• Provided data:
......
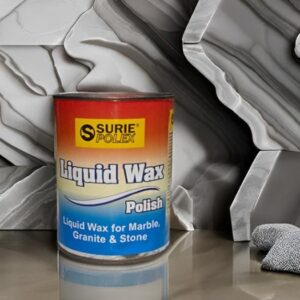 Surie Polex Liquid Wax Polish for Marble, Granite & Stone 500ml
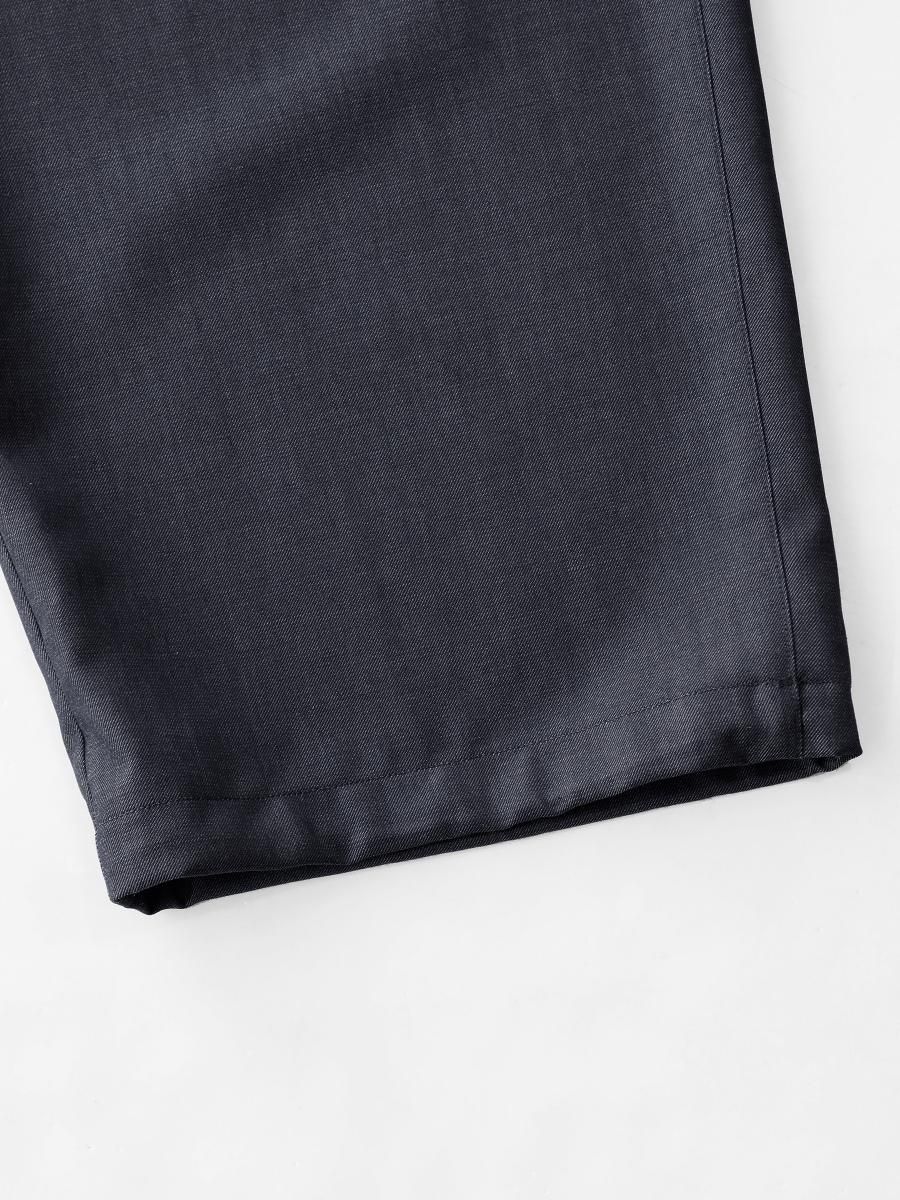 【今週限定特価】CORDURA COMBAT WOOL TROUSER Gray Tanker Men's Gray recycled wool Pants - Men's Trousers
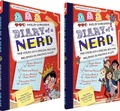 Cover: Diary of a Nerd Vol. 1-2 Collected Set - Ablaze, LLC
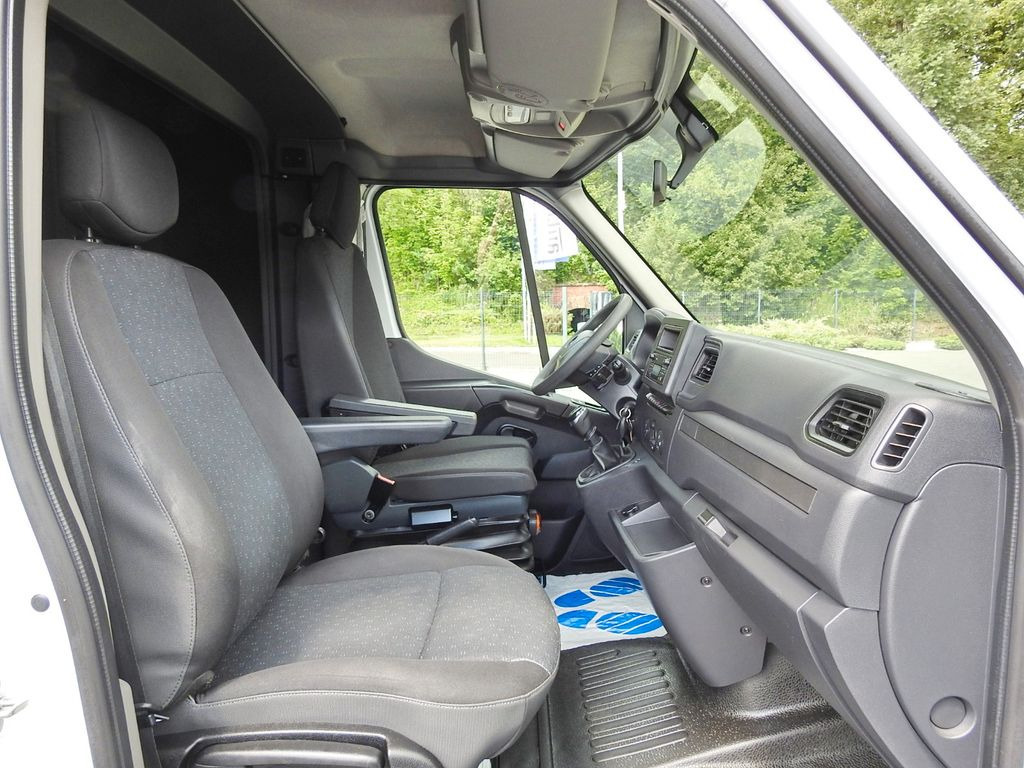 Planen Transporter, Transporter mit Doppelkabine Opel MOVANO PRITSCHE PLANE 10 PALETTEN WEBASTO A/C: das Bild 23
......
• Exercise goal: Exactly as written, repeat the lines of the material above from the first through the line holding "Cover: Diary of", with both ends in the copy and no pictures.

• Answer section:
 Surie Polex Liquid Wax Polish for Marble, Granite & Stone 500ml
 【今週限定特価】CORDURA COMBAT WOOL TROUSER Gray Tanker Men's Gray recycled wool Pants - Men's Trousers
 Cover: Diary of a Nerd Vol. 1-2 Collected Set - Ablaze, LLC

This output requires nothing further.